[Brief] From the entries below, copy exactly the lines from the one that contains "MARBERO Powerstation mit" through the one that contains "Supreme Floral Print Shirt And Shorts Set M", both included, and only those.

[Provided data]
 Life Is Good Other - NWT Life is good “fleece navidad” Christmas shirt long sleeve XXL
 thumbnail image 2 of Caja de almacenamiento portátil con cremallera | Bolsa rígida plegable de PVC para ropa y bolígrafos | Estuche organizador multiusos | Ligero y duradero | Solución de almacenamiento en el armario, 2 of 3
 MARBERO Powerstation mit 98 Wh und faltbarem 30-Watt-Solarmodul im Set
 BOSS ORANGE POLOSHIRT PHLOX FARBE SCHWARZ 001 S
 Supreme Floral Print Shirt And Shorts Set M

--

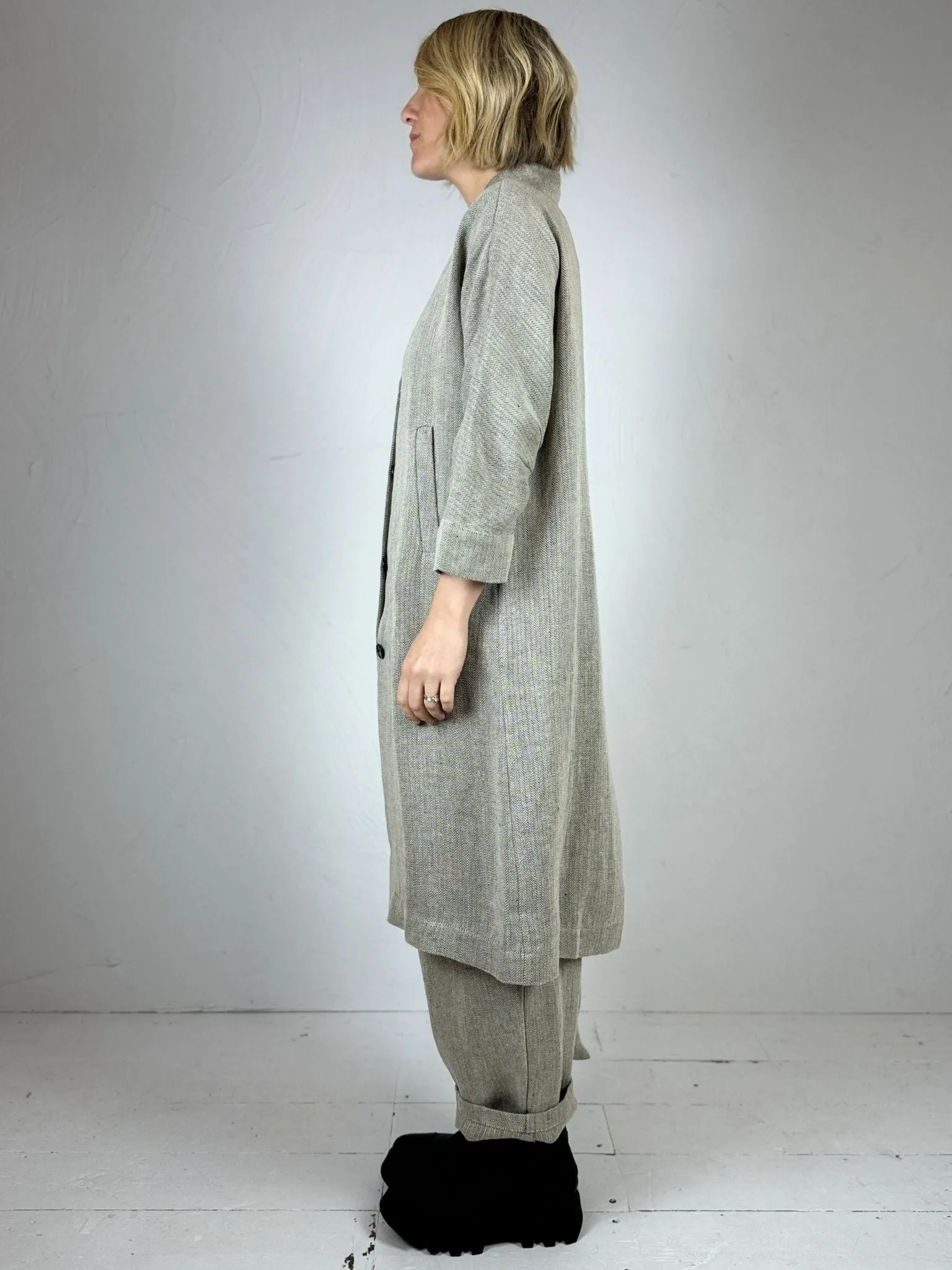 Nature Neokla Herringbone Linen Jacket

[Exercise response]
 MARBERO Powerstation mit 98 Wh und faltbarem 30-Watt-Solarmodul im Set
 BOSS ORANGE POLOSHIRT PHLOX FARBE SCHWARZ 001 S
 Supreme Floral Print Shirt And Shorts Set M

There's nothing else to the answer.